### Work item
Using the data below, transcribe exactly everything from the line that contains "sandara, women linen" down to the line that contains "Lägenhet Huber Living Basic 104". Include both of those lines and none of the pictures.

### Dataset records
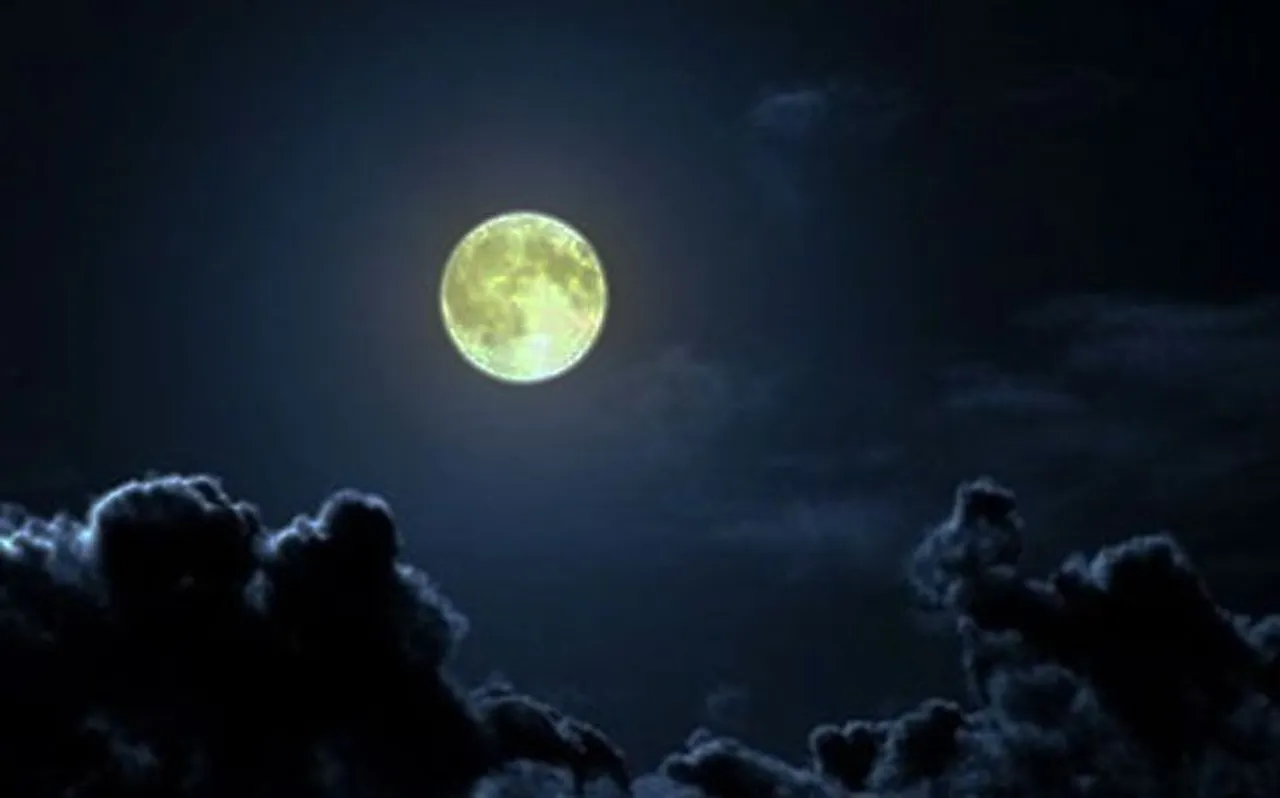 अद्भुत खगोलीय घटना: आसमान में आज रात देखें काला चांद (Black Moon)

==

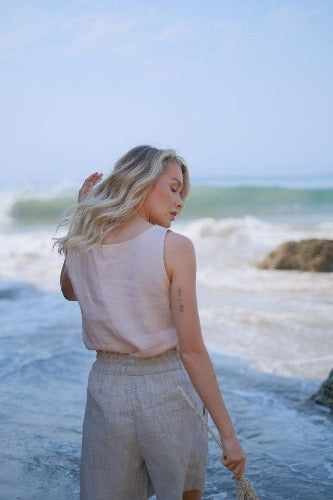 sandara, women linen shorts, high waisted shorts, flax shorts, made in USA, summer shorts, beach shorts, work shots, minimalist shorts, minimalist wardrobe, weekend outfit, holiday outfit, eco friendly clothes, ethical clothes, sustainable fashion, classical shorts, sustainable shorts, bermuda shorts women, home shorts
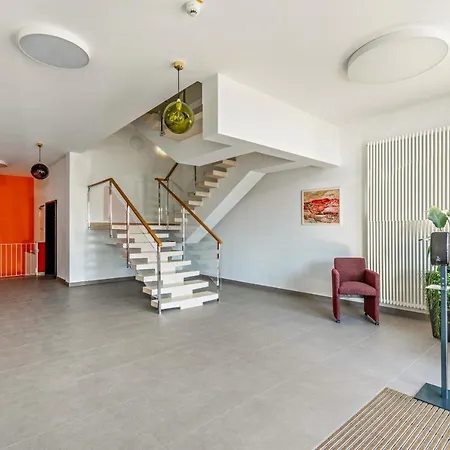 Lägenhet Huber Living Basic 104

...

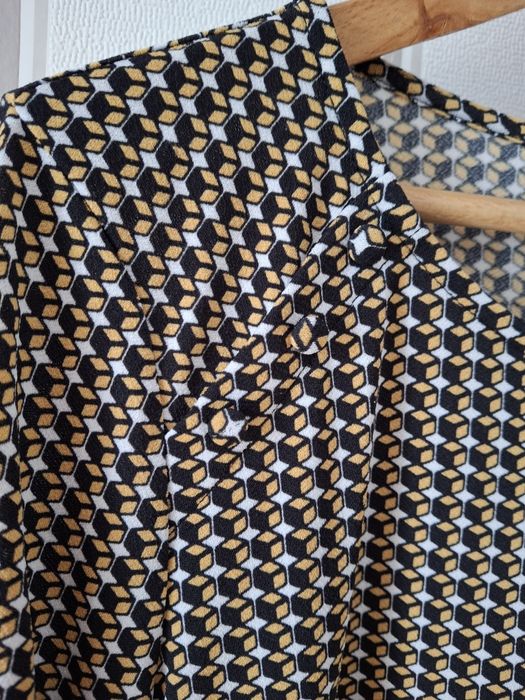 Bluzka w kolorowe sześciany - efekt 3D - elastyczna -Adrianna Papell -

### Your solution
 sandara, women linen shorts, high waisted shorts, flax shorts, made in USA, summer shorts, beach shorts, work shots, minimalist shorts, minimalist wardrobe, weekend outfit, holiday outfit, eco friendly clothes, ethical clothes, sustainable fashion, classical shorts, sustainable shorts, bermuda shorts women, home shorts
 Lägenhet Huber Living Basic 104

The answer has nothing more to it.